Sorry T-man, yes I forgot the comma. I laughed pretty hard after reading it they way you did at first! Sorry, I post on my phone and the autocorect screws up things. Especially names. There is an extra punctuation later in the paragraph, though I don't think that helps! I had to read it 3 times before I saw it the way you did! Sorry man!


----------



## T-Man (May 16, 2008)

It was good for a laugh.

A toaster is complicated, today they have an electronic latch that can be used as a block signal. I have one on the self it blew up something but I did get it to work once before.


With 5 amp diodes it should be ok for G scale. How about bulbs?
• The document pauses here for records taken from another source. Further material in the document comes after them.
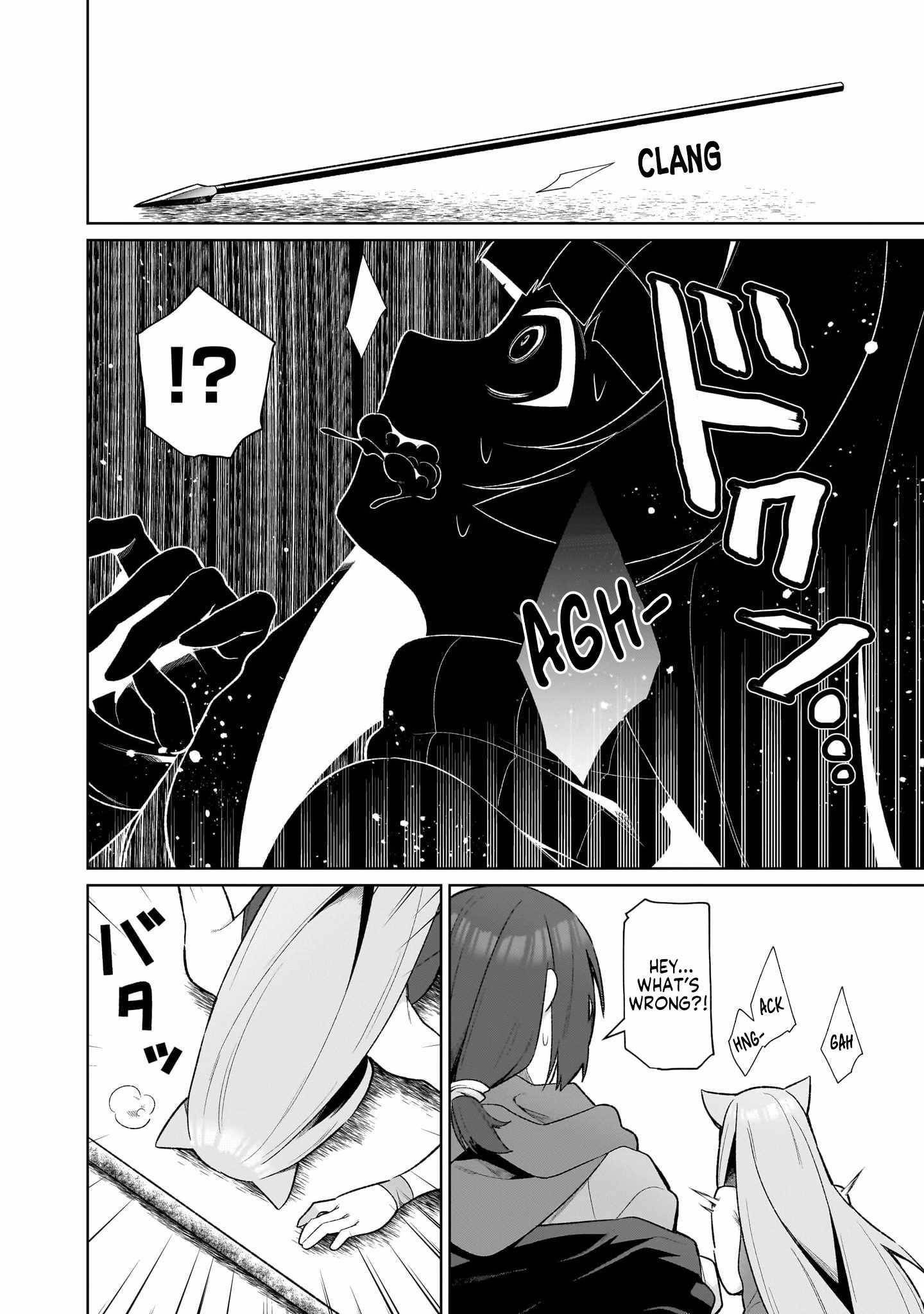 Isekai Drug - Yakugaku Chishiki de Monster Musume-tachi wo Toriko ni shite Nariagaru Chapter 19 - Page 18 in English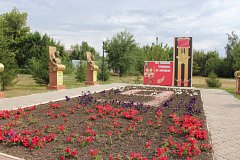 Более 100 парков благоустроили в Саратовской области 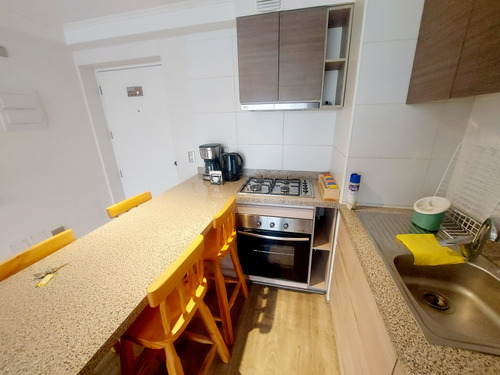 Departamento 1 Dormitorio, Amoblado, Concepción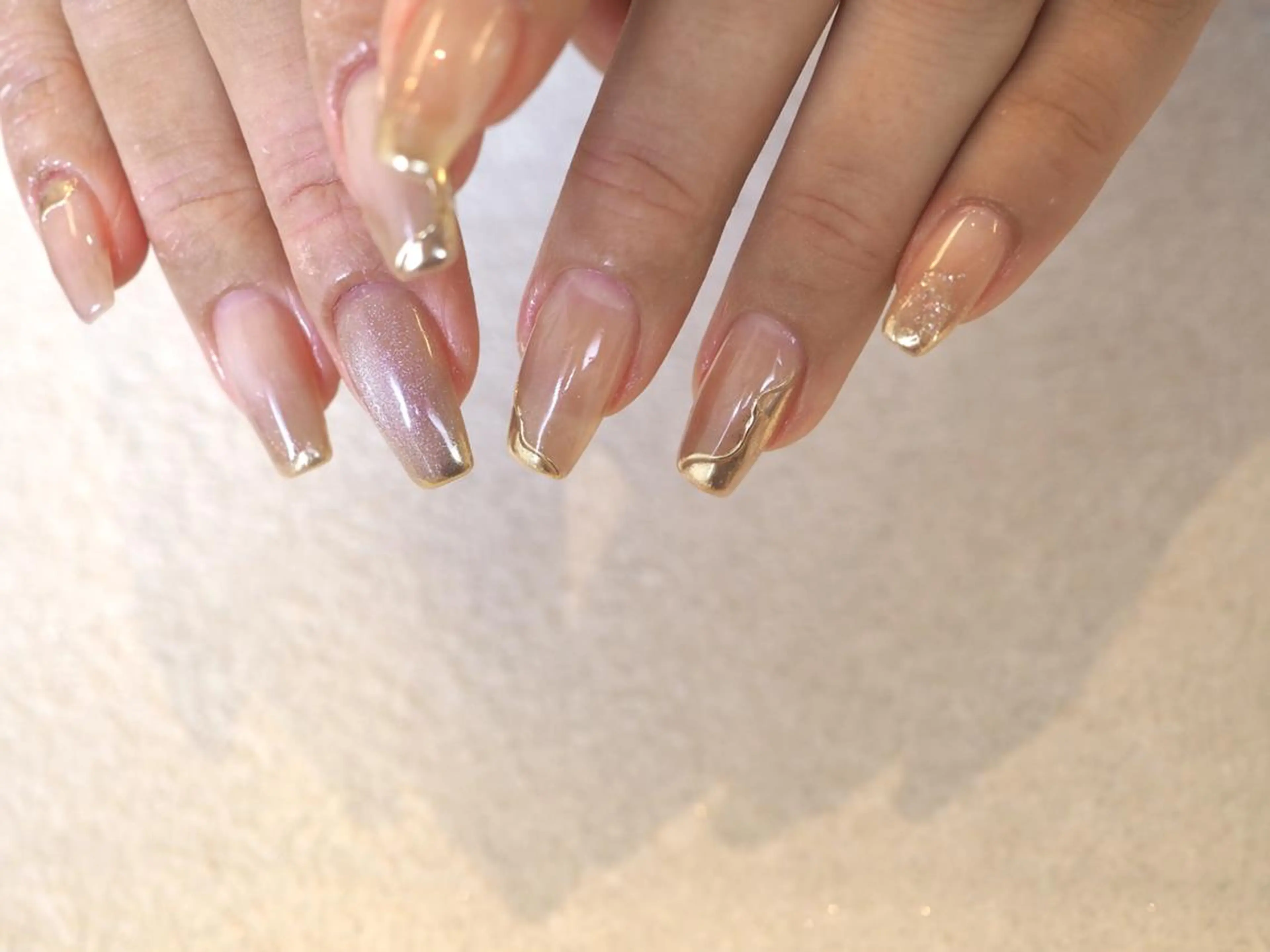 ネイル 田中 （ネイリスト）のネイルデザイン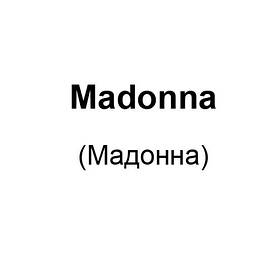 Мадонна (Мадонна)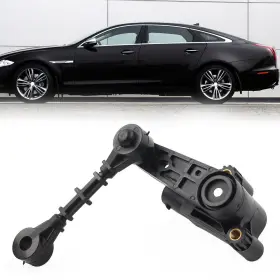 Flashbuyeasyusa 550746430581 Rear Left Right Height Level Sensor For Jaguar Xj 2010-2018 And Xf 2008-2015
What voltage do they use. Will 14.4 be fine?? I need the lamps on each end as resistors to signal the circuit.


----------



## T-Man (May 16, 2008)

*Dallee Videos*

Well I went to You Tube and watched a few videos they produced. I t reads like my history in electronics. A 12 volt filtered power supply. Led lights in cars and a reverse unit. Theirs is mass produced and professionally made. Mine just works, usually. They did have some electronic reverse units too. 

They are ahead of me on track detection. I am using a Paisley circuit with updated optioisolaters. If I ever find the time. 

I wonder how much more of this type of work I will see. The owner of this unit was overwhelmed by the complexity which is where I fit in. I am really getting interested to see this thing work a G scale set outside. 

The videos commented on the ease of their directions. Considering I warped and tackled one of their more complex items, I did not do too badly. I probably would of understood more if I worked with one board at a time and not on group of four.


They do look cool laid out. I have seen Digitrax wiring on other layouts, that resembles what I did. It gave me some inspiration. 

The next step is to wire the G Scale Track sections.


----------



## sjm9911 (Dec 20, 2012)

Progress!


----------



## T-Man (May 16, 2008)

This is the G scale link. I get to set up the actual train for a display this fall. I still owe a video. My next step is to wire the track sections.


----------